Waze could tempt you from Google Maps with these super-useful driving alerts

Waze will receive a nice quality-of-life update that’ll help you drive around more safely as well as let you know of any recent changes to the road.

The patch is slated to be released on Android and iOS devices across the globe, but the rollout won’t happen all at once. Instead, the six features will come out in pieces throughout the coming months. It’s a little complicated, but once you break the announcement down, it all makes sense.

When it comes to safety, the app will notify you in advance of any emergency vehicles on your route. That way you’ll know when to shift lanes or take a detour. This tool is currently making its way to users living in the US, Canada, Mexico, and France, with, Waze promises, more countries coming soon.

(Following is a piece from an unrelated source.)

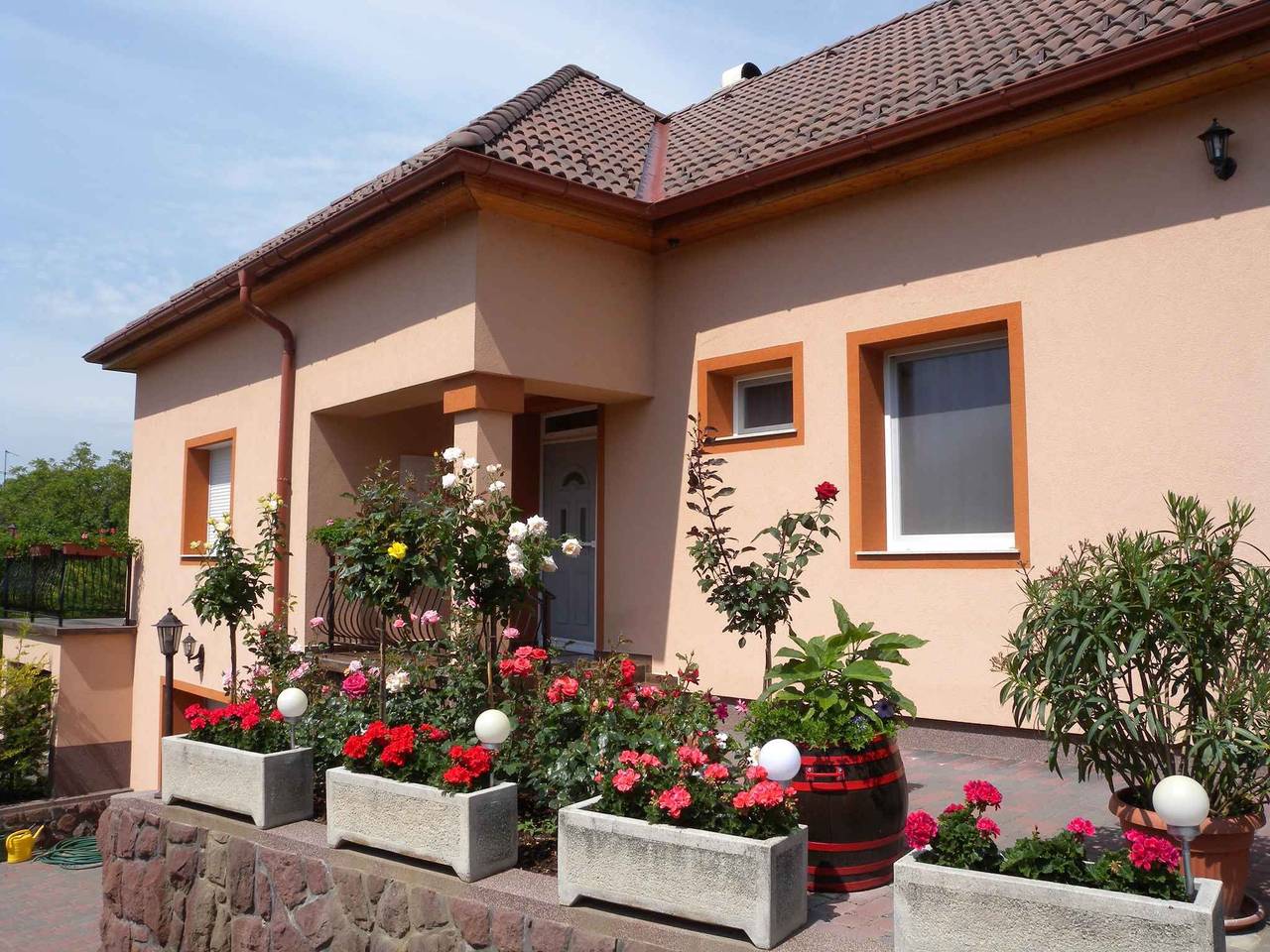 Ferienhaus mit Pool, Whirlpool und Klimaanlage  in Balatonfűzfő, Plattensee nordufer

Waze's new speed limit and emergency vehicle alerts

(Image credit: Waze/Google)

Our favorite update out of the bunch has to be Waze deciding it'll shout out upcoming changes to speed limits in case they’re about to suddenly decrease. It's a pretty helpful tool whenever you want to avoid getting caught in a speed trap. Third, the developers are expanding hazard detection to include speed bumps, sharp turns, and toll booths. The speed limit warnings as well as the hazard detection upgrade are currently rolling out to all users. 

This next set of features is scheduled to launch down the line.

Normally, whenever someone opens a navigation app, it’s because they want to get to their destination ASAP. Well, later this month, you’ll be given the option to take more scenic routes. They may not be the fastest way to get home, but at least, you'll have the opportunity to take your favored path instead.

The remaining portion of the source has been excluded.